- [Assignment]:
Look below for the line that contains "Mountain Home apartment", then quote it and all the lines after it, exactly, with the pictures left out.

- [Exercise data]:
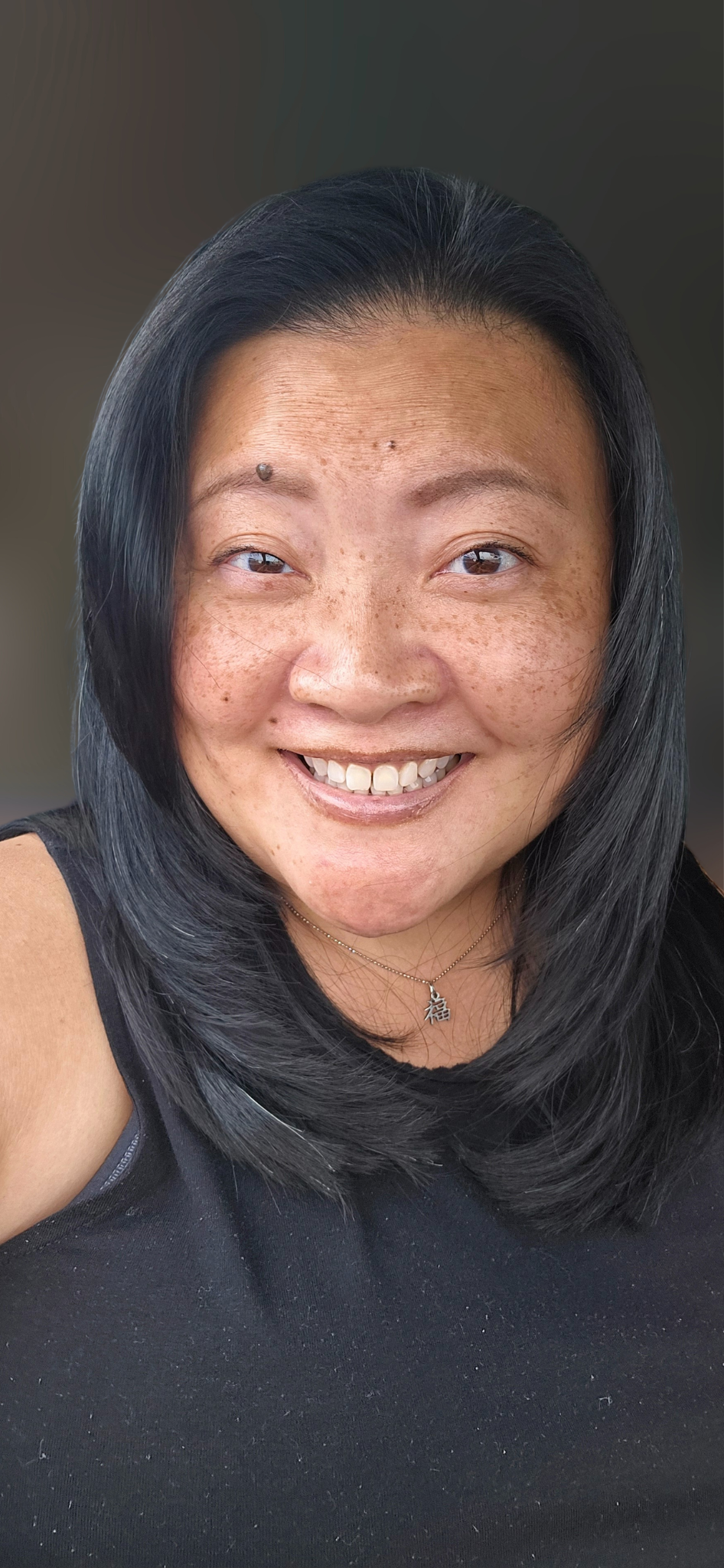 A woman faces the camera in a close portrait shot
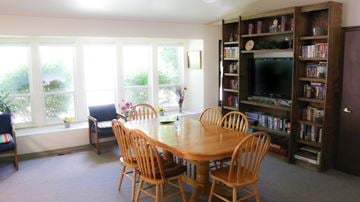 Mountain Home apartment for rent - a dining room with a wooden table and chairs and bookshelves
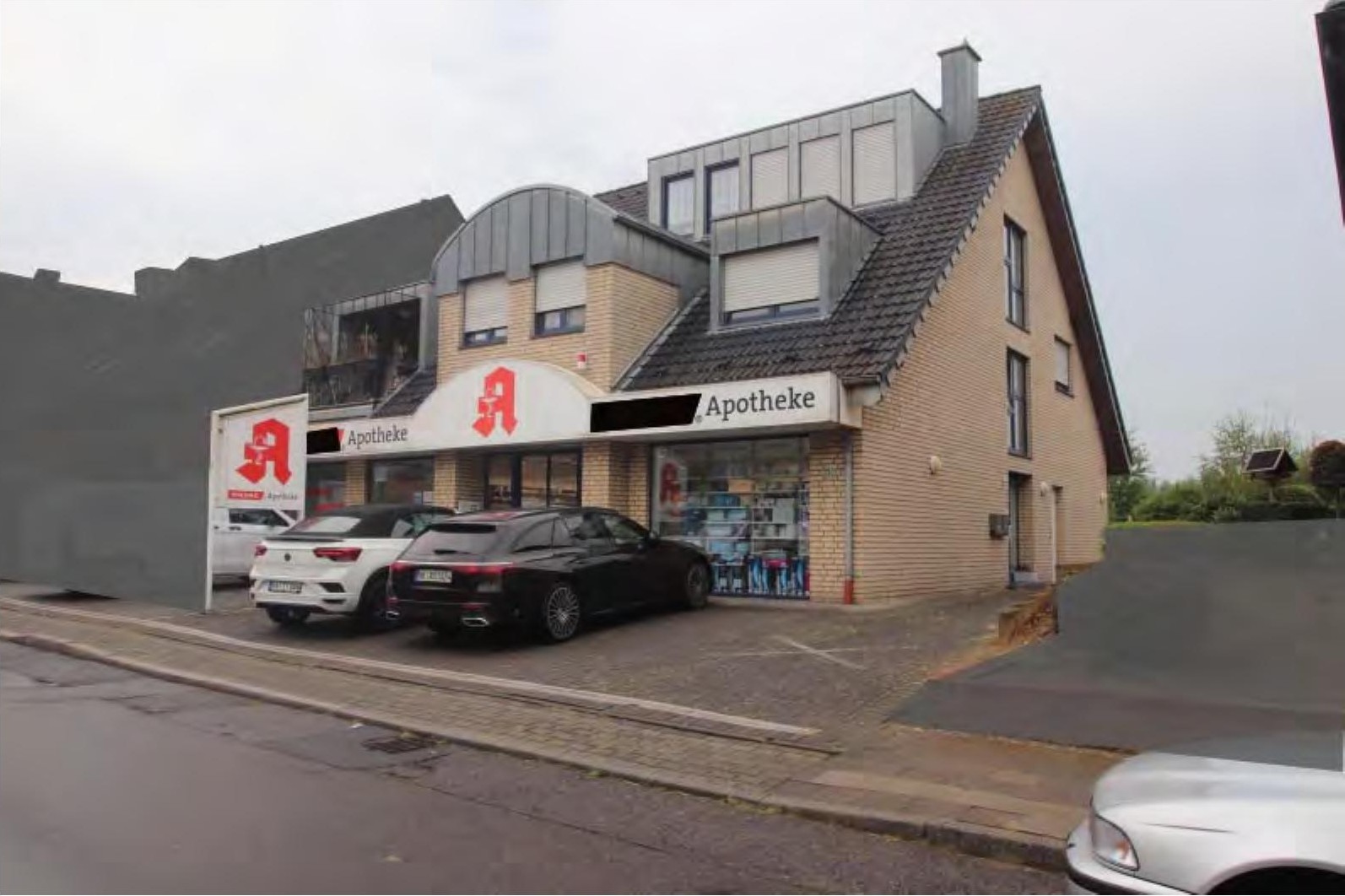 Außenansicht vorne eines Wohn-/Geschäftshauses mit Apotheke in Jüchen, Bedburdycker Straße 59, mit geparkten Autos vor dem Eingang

- [Written reply]:
 Mountain Home apartment for rent - a dining room with a wooden table and chairs and bookshelves
 Außenansicht vorne eines Wohn-/Geschäftshauses mit Apotheke in Jüchen, Bedburdycker Straße 59, mit geparkten Autos vor dem Eingang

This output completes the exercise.